The solution shown above supports multiple queries getting run against the same database at the same time. The solution to the synchronization issue it to use a lock. I found creating an AWS Security Group is an atomic operation. So I am using creating/deleting of a specific AWS Security Group as acquiring/release a lock. The Database Query Runner’s shown above are instances of one lambda function that runs the queries. The first thing it does is check if the query is a read only query or not. If it is a read only query it can safely download a copy of the database as is. If it gets modified in the middle it will keep downloading the version it was downloading. If the operation will modify the database, it will first need to acquire the lock. It does this by creating a specific Security Group with a specific name. The names of Security Groups have to be unique in a VPC. If it creates the Security Group, it makes note of the Security Group ID. It then downloads a copy of the database and runs its query against the data. When its done running the query it releases the lock by deleting the security group.

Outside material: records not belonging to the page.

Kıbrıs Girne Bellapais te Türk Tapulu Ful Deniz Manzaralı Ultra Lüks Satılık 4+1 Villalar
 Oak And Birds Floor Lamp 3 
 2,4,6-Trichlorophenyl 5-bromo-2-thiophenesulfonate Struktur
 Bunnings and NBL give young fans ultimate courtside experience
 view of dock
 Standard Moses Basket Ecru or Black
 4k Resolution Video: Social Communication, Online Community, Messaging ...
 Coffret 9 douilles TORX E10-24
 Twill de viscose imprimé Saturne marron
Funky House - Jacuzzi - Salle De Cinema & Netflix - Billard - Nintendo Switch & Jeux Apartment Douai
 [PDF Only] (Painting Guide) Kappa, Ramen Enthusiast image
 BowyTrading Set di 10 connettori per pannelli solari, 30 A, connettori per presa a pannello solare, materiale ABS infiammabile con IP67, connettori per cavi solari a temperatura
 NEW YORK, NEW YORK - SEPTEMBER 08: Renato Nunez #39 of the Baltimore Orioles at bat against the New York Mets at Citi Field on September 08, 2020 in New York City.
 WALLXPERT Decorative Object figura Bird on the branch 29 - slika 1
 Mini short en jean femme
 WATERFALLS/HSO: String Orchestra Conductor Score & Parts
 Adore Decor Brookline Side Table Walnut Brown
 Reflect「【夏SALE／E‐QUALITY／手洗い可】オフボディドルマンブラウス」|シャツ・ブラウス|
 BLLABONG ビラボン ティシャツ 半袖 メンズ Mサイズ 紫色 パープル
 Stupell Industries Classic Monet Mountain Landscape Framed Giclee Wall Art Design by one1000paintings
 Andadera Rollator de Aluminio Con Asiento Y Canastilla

Weird things can happen in the real world and a write operation might have caused the lambda to get a lock but it might have crashed part way through the query operation so the lock will not get released. To fix this possible issue there is a second lambda function that checks for this case. It does this by keeping track of how long the Security Group has existed and if its been around too long it deletes it. This frees the lock.
Below is a code snippet that acquires a lock. The lock is the AWS security group id.
def acquireLock():
print("Acquiring Lock...")
while True:
try:
resp = client.create_security_group(Description="DistributedLockTest", GroupName="DistributedLockTest", VpcId=vpc_id, TagSpecifications=[{"ResourceType": "security-group","Tags": [{"Key": "CreateTime","Value": str(time.time())}]}])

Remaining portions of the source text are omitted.